Este es el punto más importante para los propietarios de este modelo. Aunque el fabricante a veces indica intervalos más largos, la experiencia de los talleres indica que el aceite del CVT (se utiliza un aceite específico Honda HCF-2) debe cambiarse cada 40.000 a 60.000 km. El aceite viejo pierde sus propiedades de fricción, lo que provoca el deslizamiento de la correa metálica y daños permanentes en el cambio. El cambio regular de aceite es barato (depende del mercado: no es caro), mientras que la reparación de un CVT es extremadamente costosa.
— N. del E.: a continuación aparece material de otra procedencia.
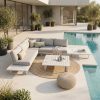 Modulare Grenoble Outdoor-Lounge Kombination aus zwei 2-Sitzer Modulen mit integriertem Tisch, Eckmodul, zwei Beistelltischen und Loungetisch in der Mitte, komplett aus weißem Aluminium, als Rundecke auf Terrasse vor Haus mit Pool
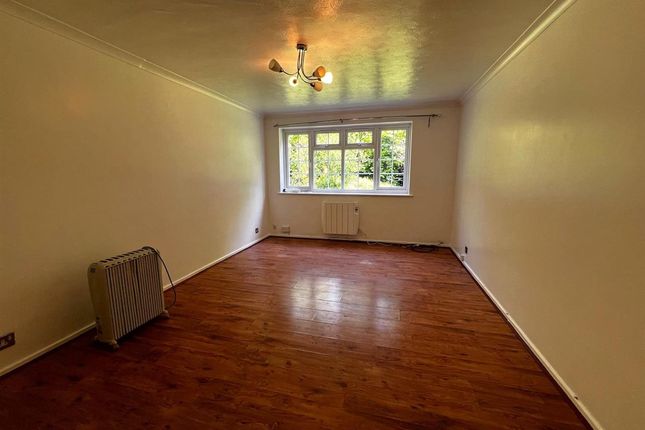 Flat 8, Shelton Court, Slough photo 2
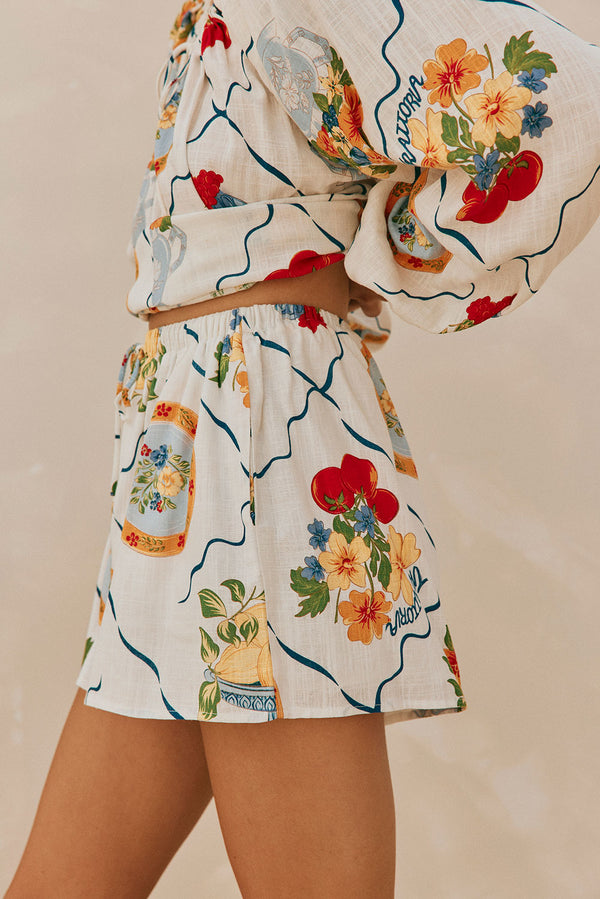 White Trattoria Print Drawstring Amorina Shorts
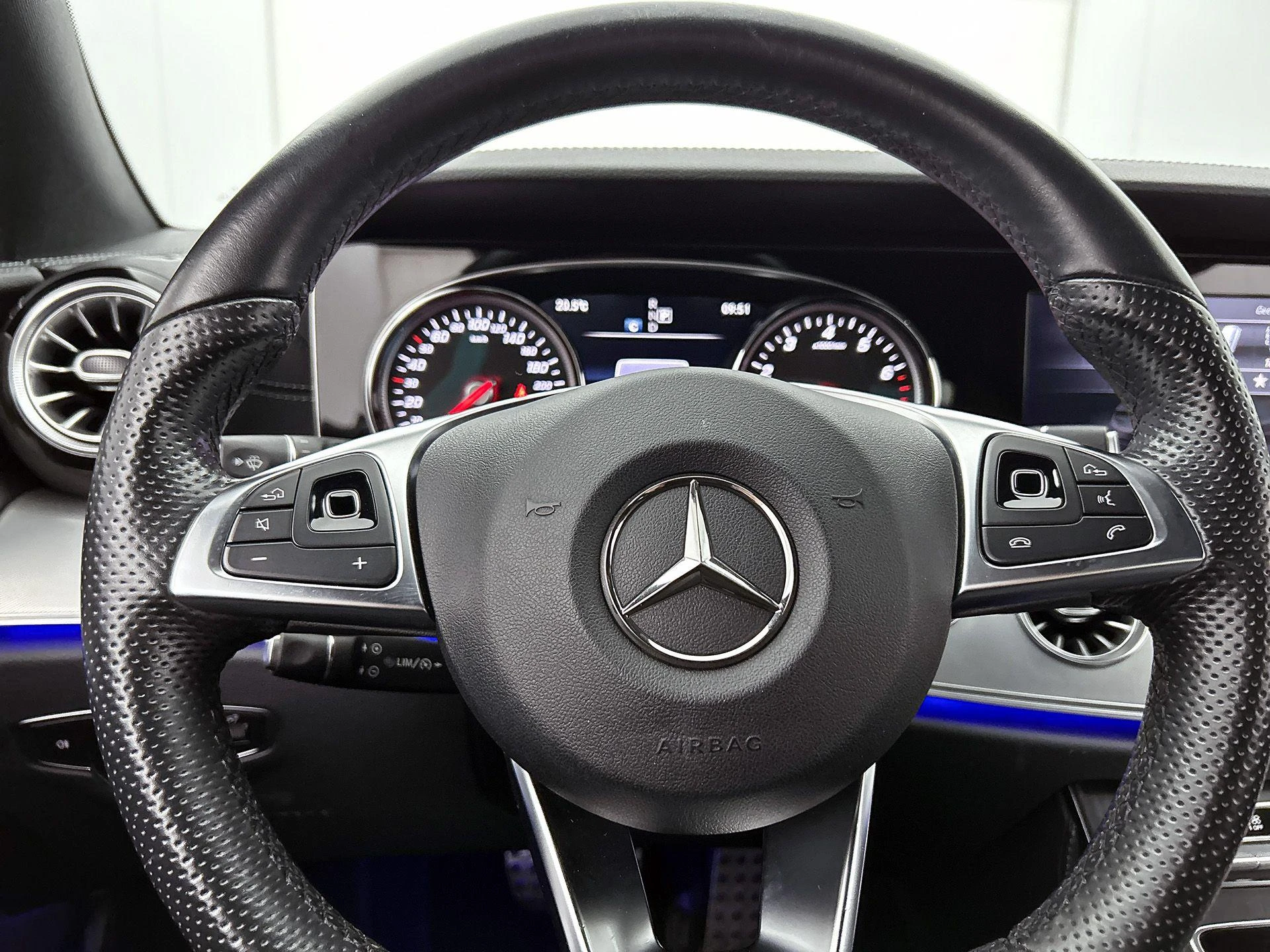 Mercedes-Benz-E-Klasse-image-36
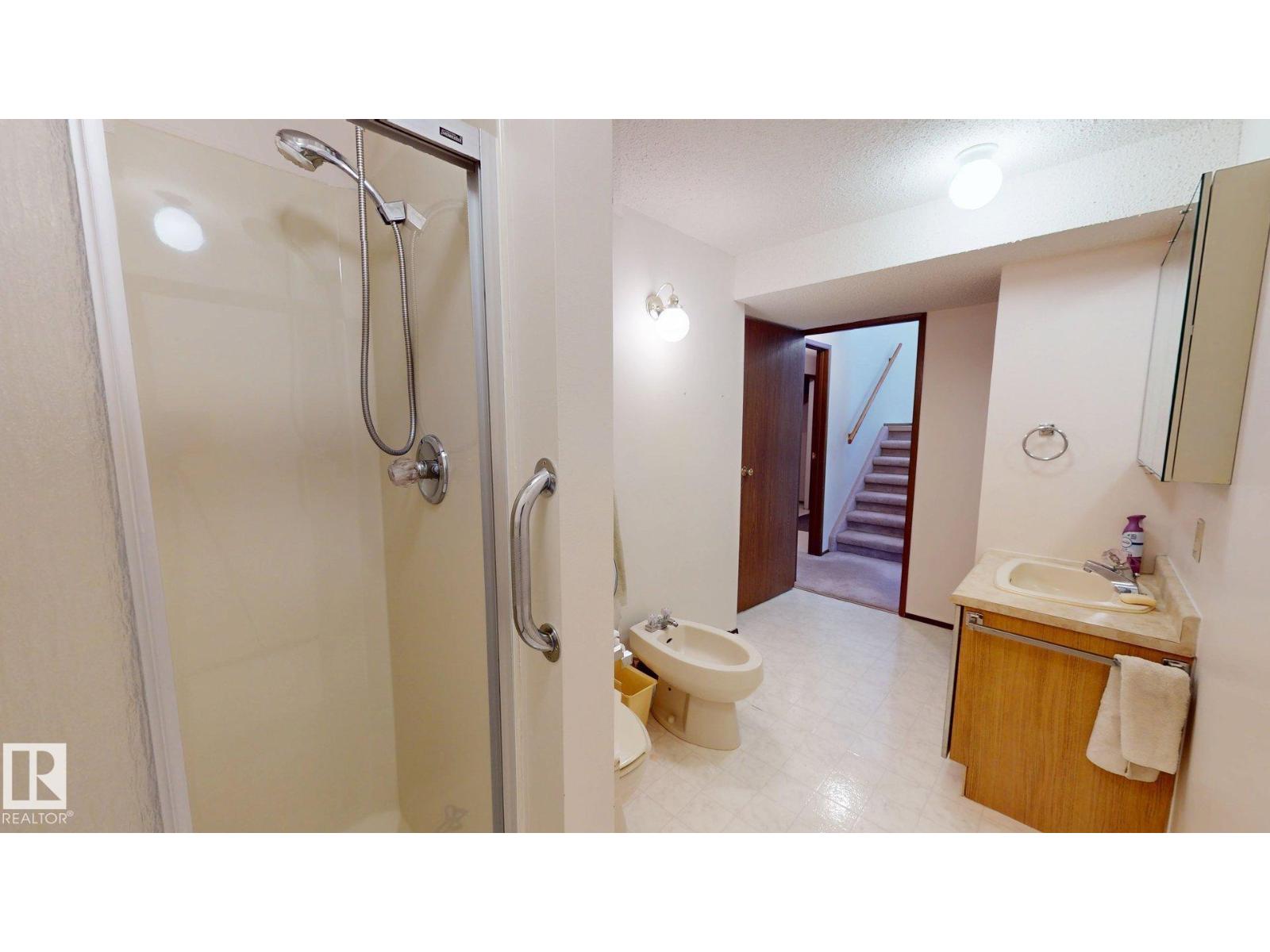4521 42 AV — photo 29
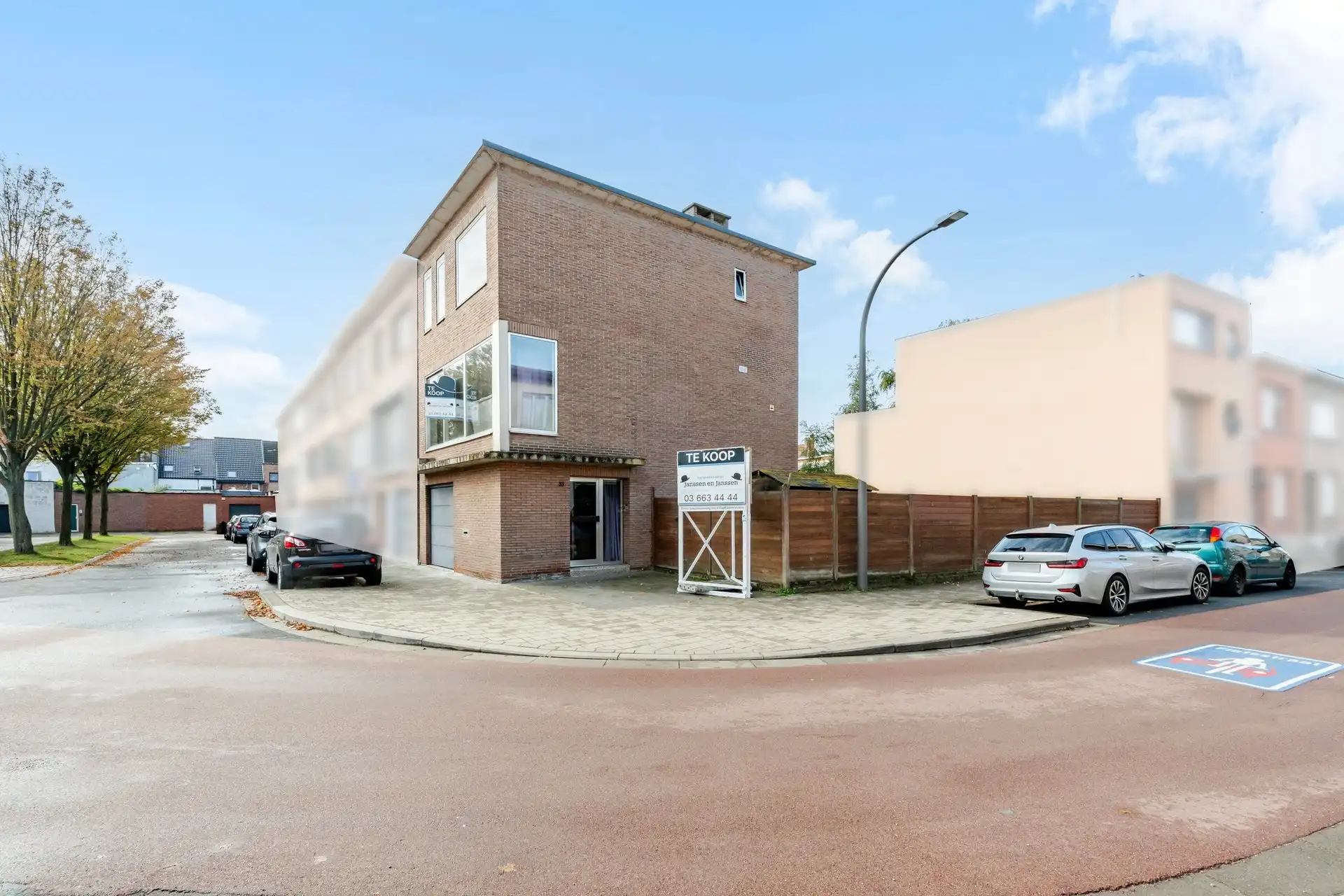 Half open Bel-etage woning met 3 tot 4 slaapkamers vlakbij het centrum  foto 2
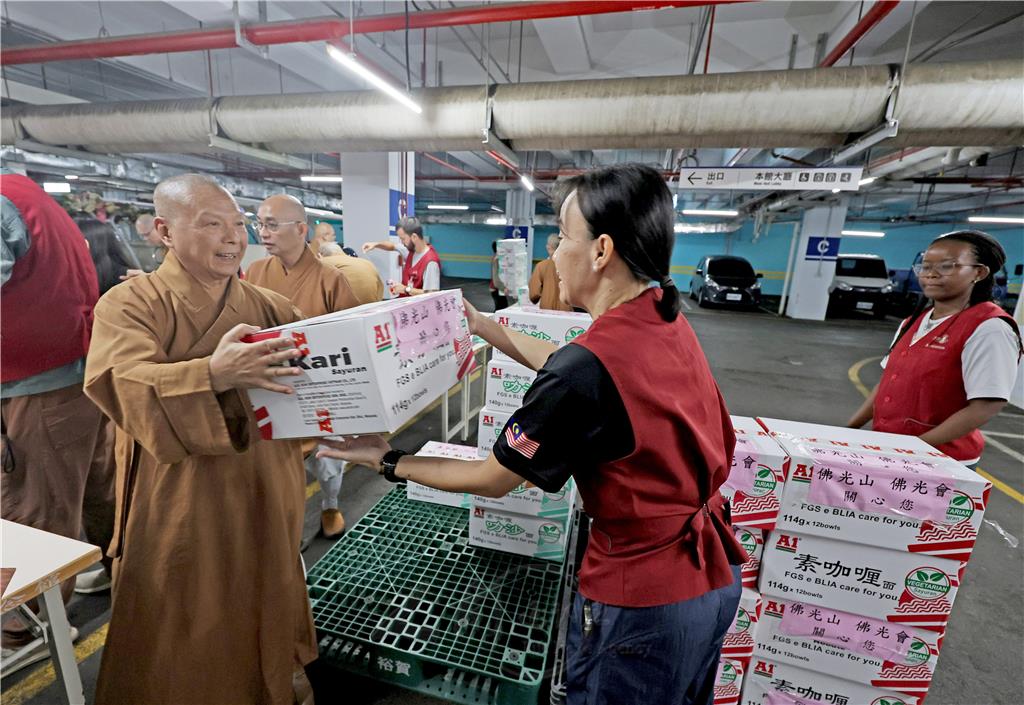 暖势力 救灾无国界 佛光山带领国际义工整理物资驰援花莲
Al comprar un CR-V de segunda mano con este motor, es imprescindible hacer lo siguiente:
Conclusión: El Honda CR-V con motor 2.4 (K24W) es un fantástico coche familiar para quienes no quieren complicaciones con turbos y filtros DPF. Ofrece la vieja escuela de fiabilidad con el confort moderno. Aunque consume más combustible en ciudad y el impuesto de circulación puede ser más caro (por la cilindrada en algunos países), la tranquilidad que ofrece este motor a menudo compensa esa diferencia de coste. Es ideal para conductores que recorren kilometrajes moderados y valoran la durabilidad por encima de las prestaciones puras.